Material for this task:
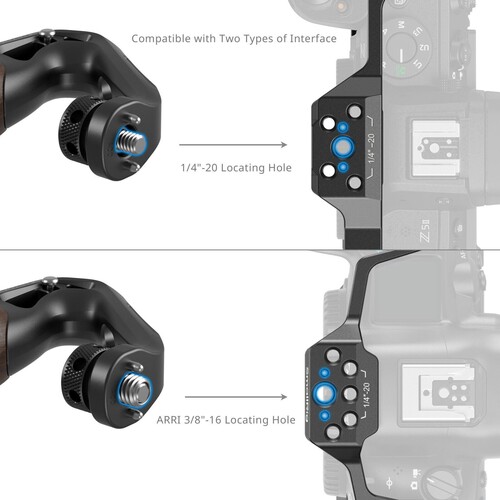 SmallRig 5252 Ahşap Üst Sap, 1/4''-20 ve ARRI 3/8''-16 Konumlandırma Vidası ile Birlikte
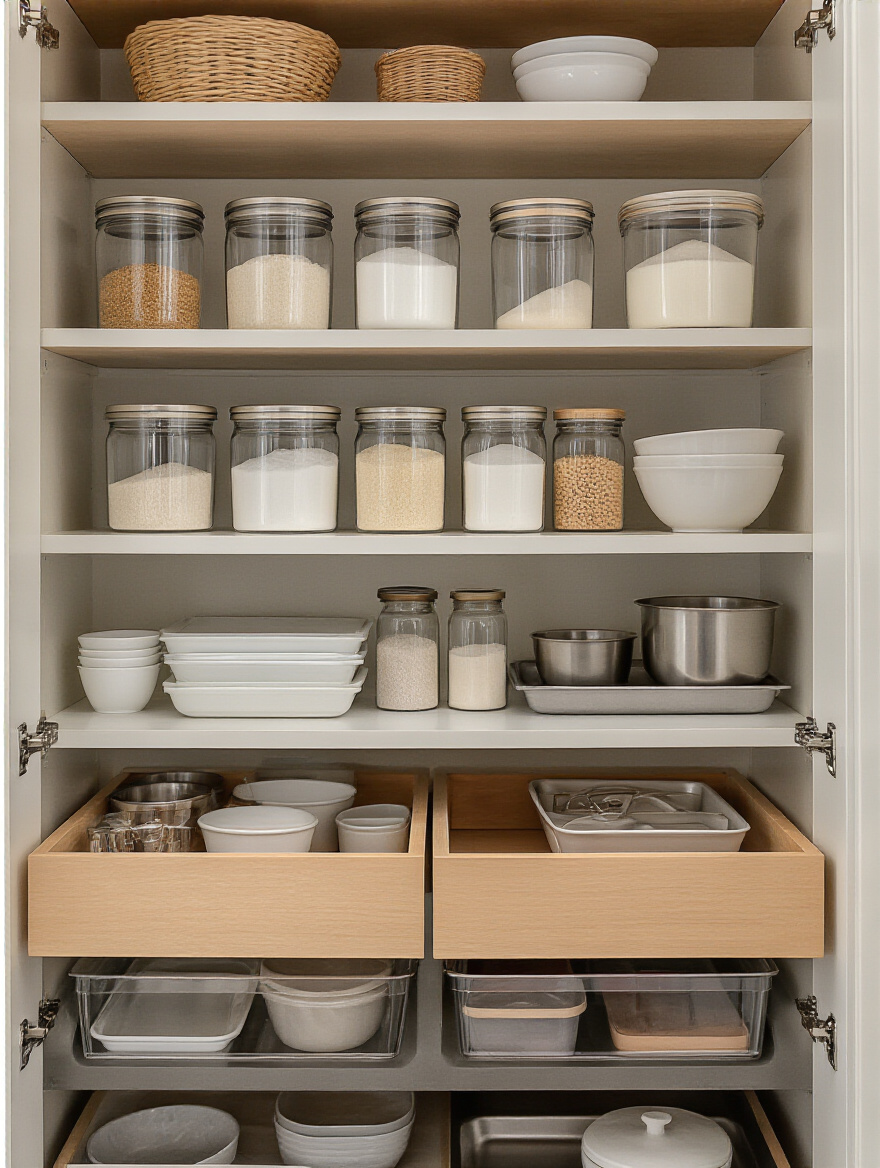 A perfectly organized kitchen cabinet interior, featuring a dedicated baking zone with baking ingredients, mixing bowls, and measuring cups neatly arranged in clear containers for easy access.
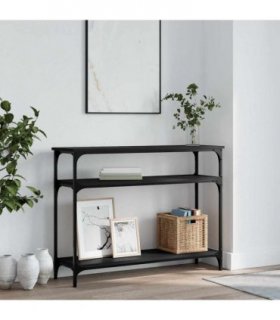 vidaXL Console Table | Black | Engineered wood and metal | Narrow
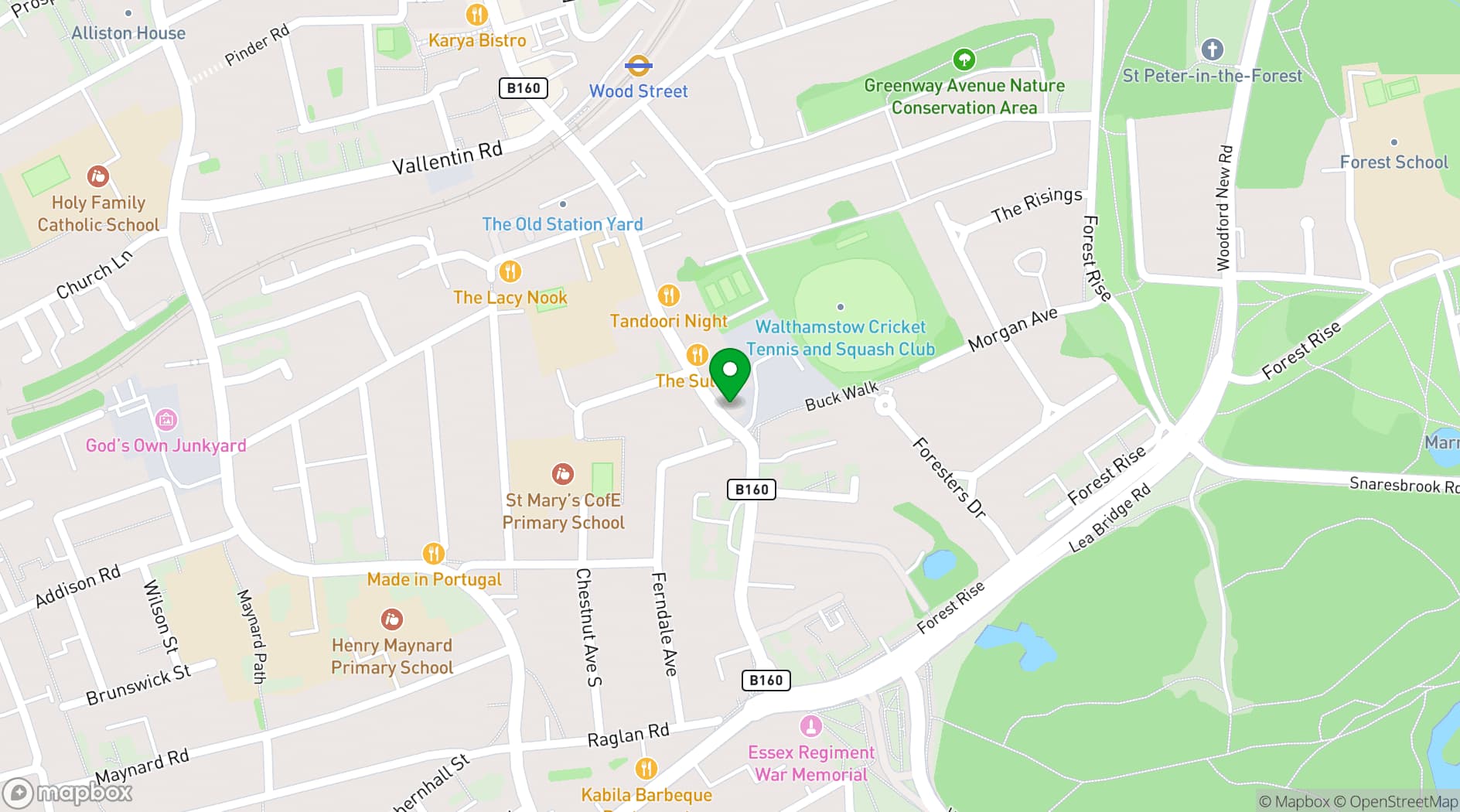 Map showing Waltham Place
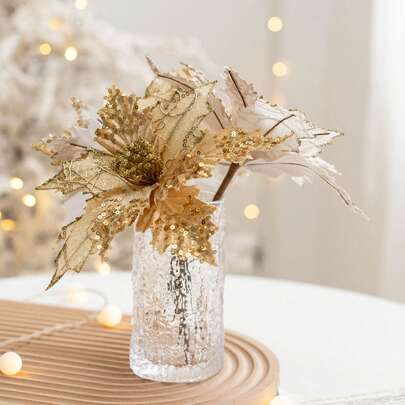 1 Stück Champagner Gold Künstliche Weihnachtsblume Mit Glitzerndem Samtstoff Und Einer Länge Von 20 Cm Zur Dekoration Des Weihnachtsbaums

Goal of the exercise: Reproduce the data above without a single change, please, but without its pictures.

Response to the exercise:
 SmallRig 5252 Ahşap Üst Sap, 1/4''-20 ve ARRI 3/8''-16 Konumlandırma Vidası ile Birlikte
 A perfectly organized kitchen cabinet interior, featuring a dedicated baking zone with baking ingredients, mixing bowls, and measuring cups neatly arranged in clear containers for easy access.
 vidaXL Console Table | Black | Engineered wood and metal | Narrow
 Map showing Waltham Place
 1 Stück Champagner Gold Künstliche Weihnachtsblume Mit Glitzerndem Samtstoff Und Einer Länge Von 20 Cm Zur Dekoration Des Weihnachtsbaums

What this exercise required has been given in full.